When we were leaving the museum, we happened to come across a historical contractor of sorts,who explained that they were restoring the rooms to more closely resemble their original appearance. In order to accomplish this, they were taking sample of the paint to analyze its age and chemical composition.

British Museum Archives

For anyone interested in archives, special collections or rare materials, the British Museum Archive is truly a shrine worthy of academic pilgrimage. Words fail when describing the depth and breadth of information contained in this repository, but I will try to do it justice. Our guide on this amazing experience Stephanie Clark, a museum archivist specializing in prints and fabrics and part of the British Museum's small archival team. The British museum has only had a full time archivist since 1973, and the archives themselves are split into eight collections: Coins and Metals, Prints and Drawings, Ancient Egypt and Sudan, Greek and Roman, Middle East, Prehistory in Europe, Africa and Asia. In addition, the archives also houses records of meeting minutes and trustee notes from 1753 to today and are organized by governance, including historical staff records, financial records, trustee documents, exhibition notes and reading room applications from 1842 to the 1970's (Including T.S. Elliot and Karl Marx). The archive receives approximately fifteen requests a month, mostly related to the trustee collections. Many of the older volumes were bound on-site when the museum had a book bindery, though now such duties are outsourced.
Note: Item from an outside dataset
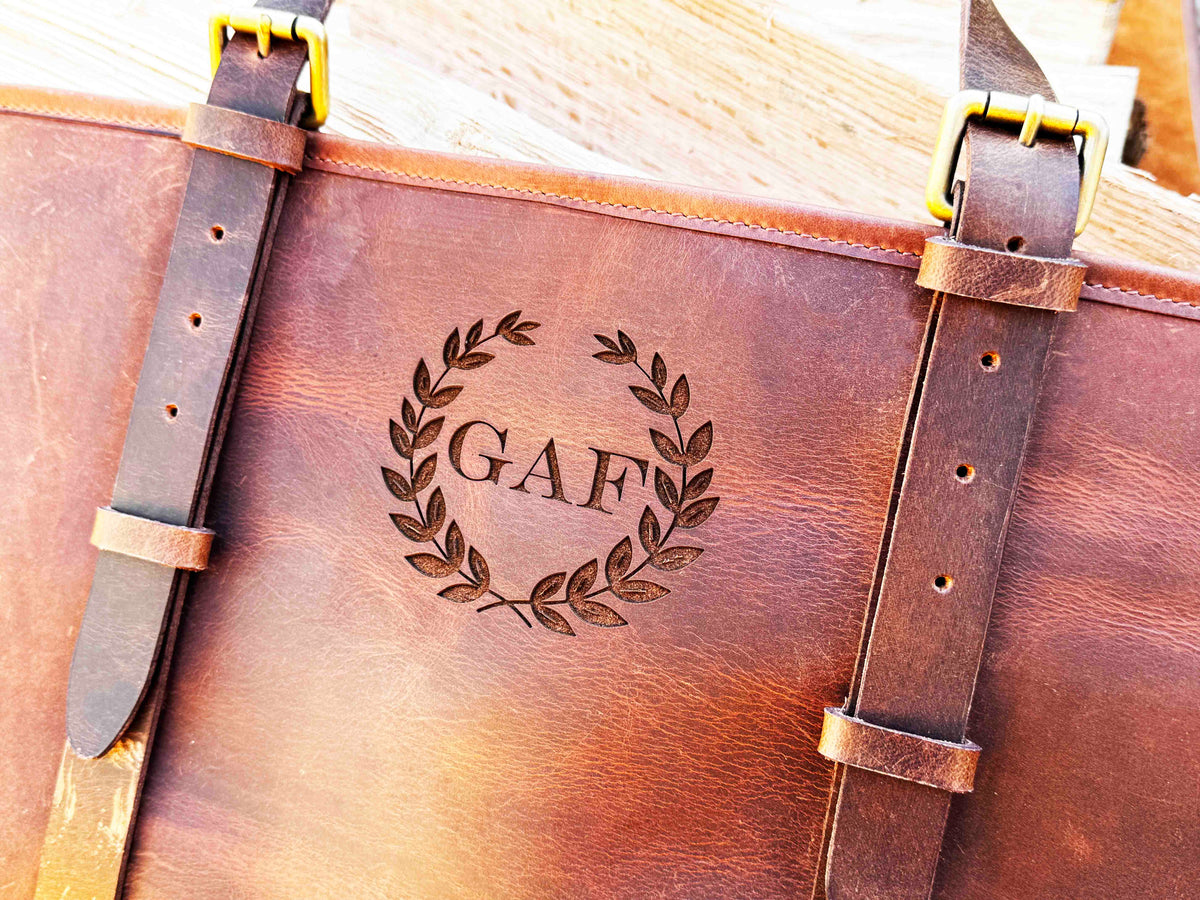 Fire Log Carrier Premium Leather Memories Made Custom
In addition, the archives also hold the Book of Presents, which is an extensive compilation of all gifts and donations that the British Museum has ever received, including the donator's name, address, copies of the letter of thanks sent to them by the museum and letter books of correspondence. Furthermore, all of these records are backed up on microfilm to ensure preservation. Requests for this collection are often for information regarding the reason behind an object's donation, or for information regarding the donor themselves. They also have an extensive photo collection, including objects, former staff members, buildings, galleries and exhibitions. An interesting point of fact, no object can be given away once it has been received by the British Museum. In terms of digitization, the archives has its own ongoing project called BMImage which deals with images and reproductions of objects, as well as with any potential copyright issues which may arise.

Guildhall Clock Museum

This museum is a truly fascinating building. Not more than ten paces long and perhaps six paces across, a person could spend all day in this room. Examples of watches, clockworks, celestial globes from the 16th century onwards (many of them still functioning) adorn the walls and fill case after case, reminding one of the phrase "they don't make things like they used to." Furthermore, the Museum also provides the history of English clock-making and The Worshipful Company of Clockmakers, the oldest horological institution in the world, whose motto is Tempus Rerum Imperator or "Time is the commander of all things." Established in 1620, the Guild received an official Charter from Charles I, allowing them to regulate every clockmaker in London. Subsequent to the the civil war in 1642, the technological advances in 1657 and the return of the Court in 1660, the forty year span of the Golden Age of English Clockmaking flourished under royal patronage. Indeed, their work in the 18th century would help to provide the basis for the Industrial Revolution (to say nothing of John Harrison inventing an accurate method of determining longitude), but their unwillingness to lower the quality of their work along with international competition led to the destruction of the London clock trade.

As someone with a great personal interest in archives and special collections, to see so many timepieces which are works of art yet retain perfect functionality after centuries is nothing short of amazing. In addition, having read "Longitude" by Davel Sobel, it was particularly interesting to see genuine examples of John Harrison work in his amazing forty year struggle to determine longitude accurately.